As with most tax questions, the answer is "It depends".
If you sell equipment for a sales price less than the original cost, then this gain is considered to be a Section 1245 gain and is tax at ordinary rates. Therefore, if you are in a 25% tax bracket, your tax will be 25% of the sales price (since the equipment is fully depreciated) plus any state income tax.
If you sell the equipment for more than what you bought it for, then the excess amount is considered a Section 1231 gain and this gain will be taxed at the favorable capital gains tax rate (unless you have a net 5 year carryover of Section 1231 losses). However, in most states this will be taxed their regular state rates.
As an example, on the farm I grew up on, my father purchased a new Caterpillar D5b tractor in 1973 for $32,000. He then sold this tractor in 1982 for $39,000 (yes, used equipment can increase in value).

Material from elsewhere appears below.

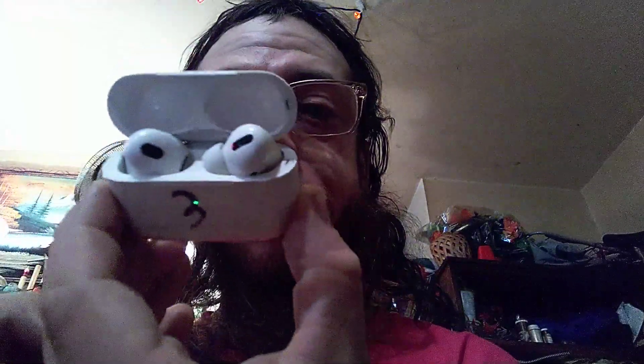One of these is an AirPod Pro and the other one is an AirBlue 3. Can you tell the difference? Oh yeah, obviously this is the Pro because it's got the earbud tip.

The $32,000 would be taxed at their regular tax rate, while the extra $7,000 of gain would be taxed most likely at 15%. If my parents had been in the highest tax bracket, then this part of the gain would be at 20%. The 3.8% net investment income tax would not apply since this was a gain from the sale of business equipment.
As usual, what sometimes seems like a simple question can lead to a more complex answer.